▶ _Work request_: Every entry below has to appear again in your reply, word for word, but no picture may.

** Working data follows **

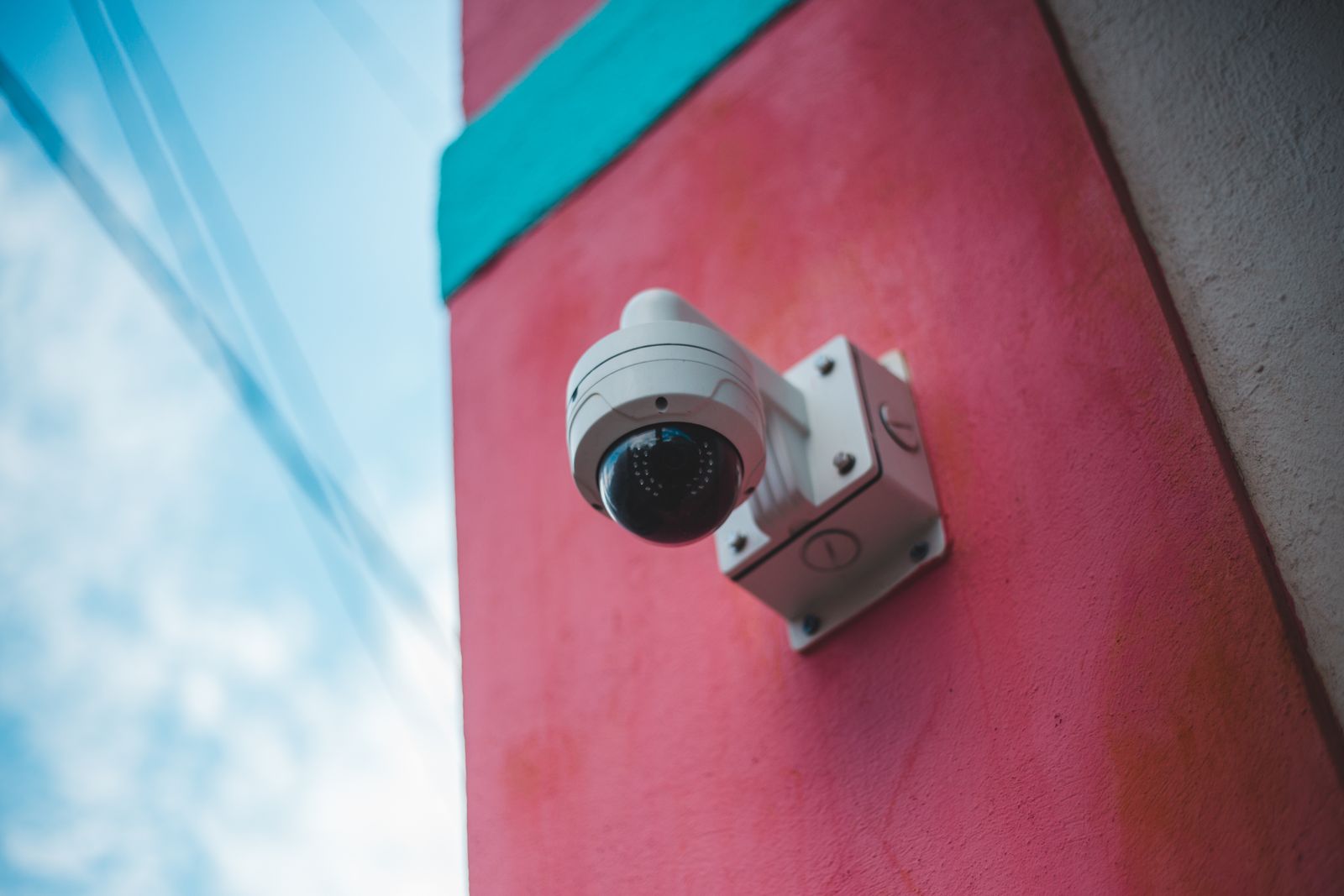 Sala de control con monitores de videovigilancia y sistema de control de accesos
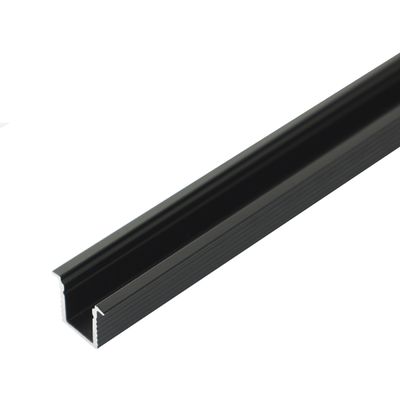 Sezione del profilo LED in alluminio, larghezza 10,5 mm, altezza 8,7 mm, base 7,4 mm, larghezza interna 5,5 mm.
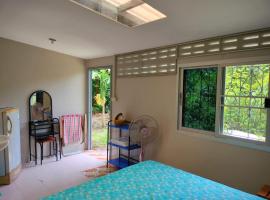 Foto di Hotel: Private room with garden in Krabi city center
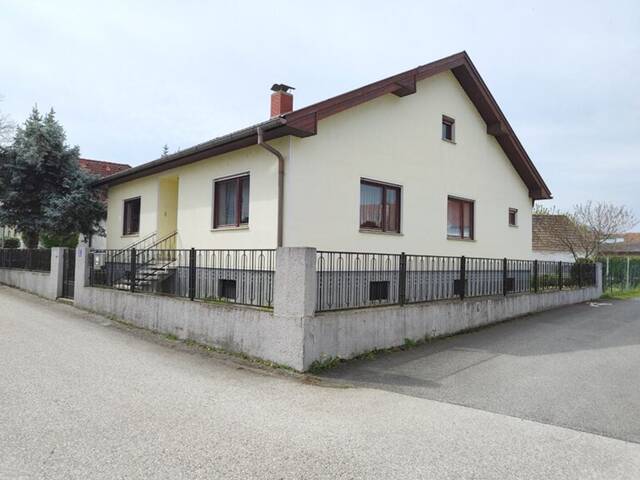 Immobilie in Trausdorf an der Wulka - Schönes Einfamilienhaus mit kleinem Garten in Trausdorfer Zentrumslage! - Bild 0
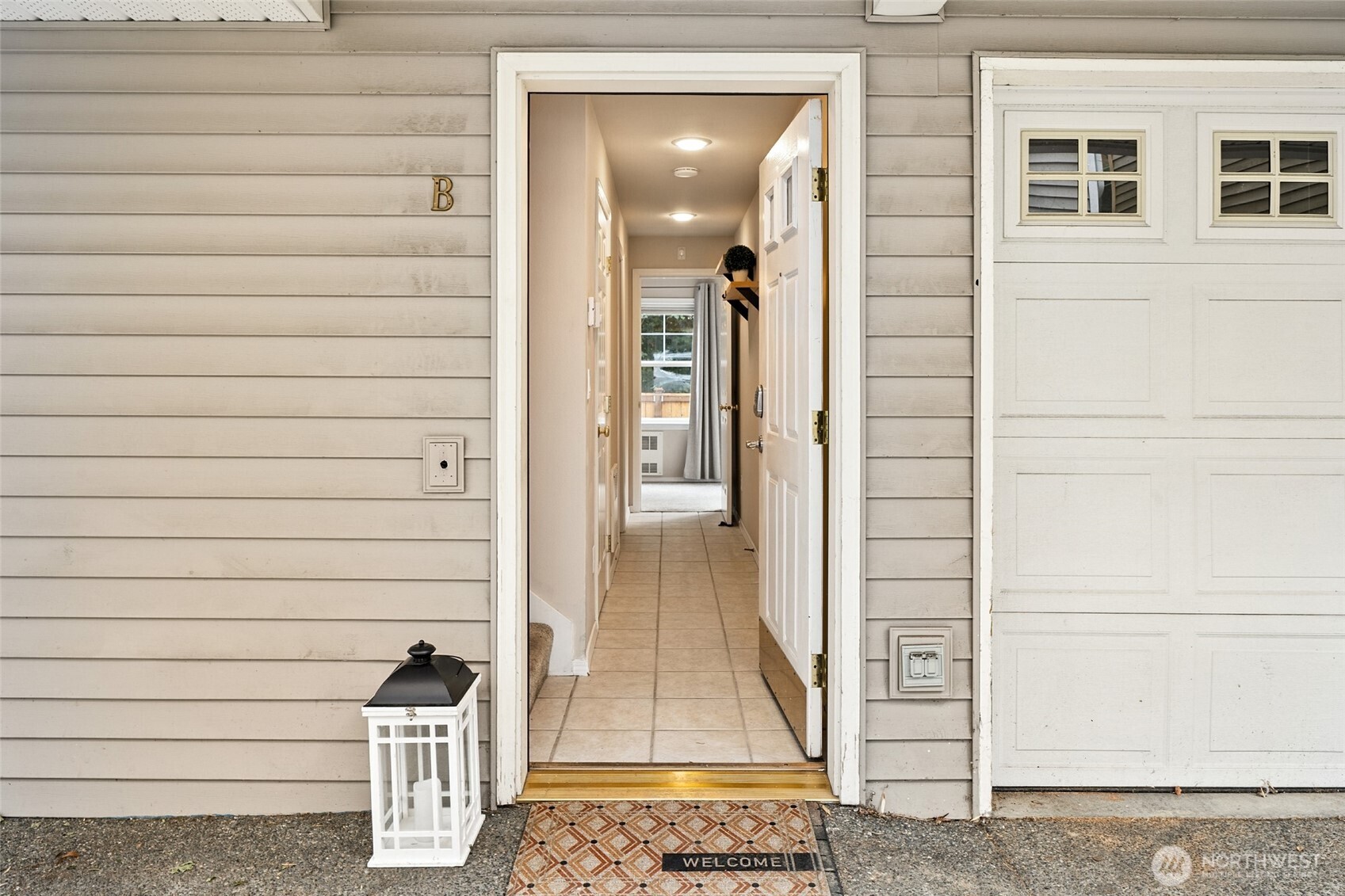 1512 Northwest 57th Street, Unit B Seattle, WA 98107 - Photo 25 of 27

** End of Working data **

▶ _The completed task_:
 Sala de control con monitores de videovigilancia y sistema de control de accesos
 Sezione del profilo LED in alluminio, larghezza 10,5 mm, altezza 8,7 mm, base 7,4 mm, larghezza interna 5,5 mm.
 Foto di Hotel: Private room with garden in Krabi city center
 Immobilie in Trausdorf an der Wulka - Schönes Einfamilienhaus mit kleinem Garten in Trausdorfer Zentrumslage! - Bild 0
 1512 Northwest 57th Street, Unit B Seattle, WA 98107 - Photo 25 of 27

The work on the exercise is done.